TASK: Return each entry unchanged.

Records from a dataset
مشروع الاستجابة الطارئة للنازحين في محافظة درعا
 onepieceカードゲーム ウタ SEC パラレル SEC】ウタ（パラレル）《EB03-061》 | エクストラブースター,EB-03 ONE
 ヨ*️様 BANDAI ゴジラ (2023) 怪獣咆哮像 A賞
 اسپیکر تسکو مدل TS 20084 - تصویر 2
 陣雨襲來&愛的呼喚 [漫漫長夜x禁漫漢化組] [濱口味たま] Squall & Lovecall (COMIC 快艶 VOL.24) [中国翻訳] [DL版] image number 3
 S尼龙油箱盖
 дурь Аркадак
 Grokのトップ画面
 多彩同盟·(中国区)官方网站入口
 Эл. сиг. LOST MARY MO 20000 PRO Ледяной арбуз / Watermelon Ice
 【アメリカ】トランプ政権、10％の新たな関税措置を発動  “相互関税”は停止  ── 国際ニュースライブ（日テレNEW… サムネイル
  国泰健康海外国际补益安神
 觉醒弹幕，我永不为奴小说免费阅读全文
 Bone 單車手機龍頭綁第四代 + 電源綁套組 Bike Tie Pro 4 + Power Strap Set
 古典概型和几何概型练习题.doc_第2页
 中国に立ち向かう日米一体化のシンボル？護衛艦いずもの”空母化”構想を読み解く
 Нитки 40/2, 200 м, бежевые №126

TASK RESULT:
مشروع الاستجابة الطارئة للنازحين في محافظة درعا
 onepieceカードゲーム ウタ SEC パラレル SEC】ウタ（パラレル）《EB03-061》 | エクストラブースター,EB-03 ONE
 ヨ*️様 BANDAI ゴジラ (2023) 怪獣咆哮像 A賞
 اسپیکر تسکو مدل TS 20084 - تصویر 2
 陣雨襲來&愛的呼喚 [漫漫長夜x禁漫漢化組] [濱口味たま] Squall & Lovecall (COMIC 快艶 VOL.24) [中国翻訳] [DL版] image number 3
 S尼龙油箱盖
 дурь Аркадак
 Grokのトップ画面
 多彩同盟·(中国区)官方网站入口
 Эл. сиг. LOST MARY MO 20000 PRO Ледяной арбуз / Watermelon Ice
 【アメリカ】トランプ政権、10％の新たな関税措置を発動  “相互関税”は停止  ── 国際ニュースライブ（日テレNEW… サムネイル
  国泰健康海外国际补益安神
 觉醒弹幕，我永不为奴小说免费阅读全文
 Bone 單車手機龍頭綁第四代 + 電源綁套組 Bike Tie Pro 4 + Power Strap Set
 古典概型和几何概型练习题.doc_第2页
 中国に立ち向かう日米一体化のシンボル？護衛艦いずもの”空母化”構想を読み解く
 Нитки 40/2, 200 м, бежевые №126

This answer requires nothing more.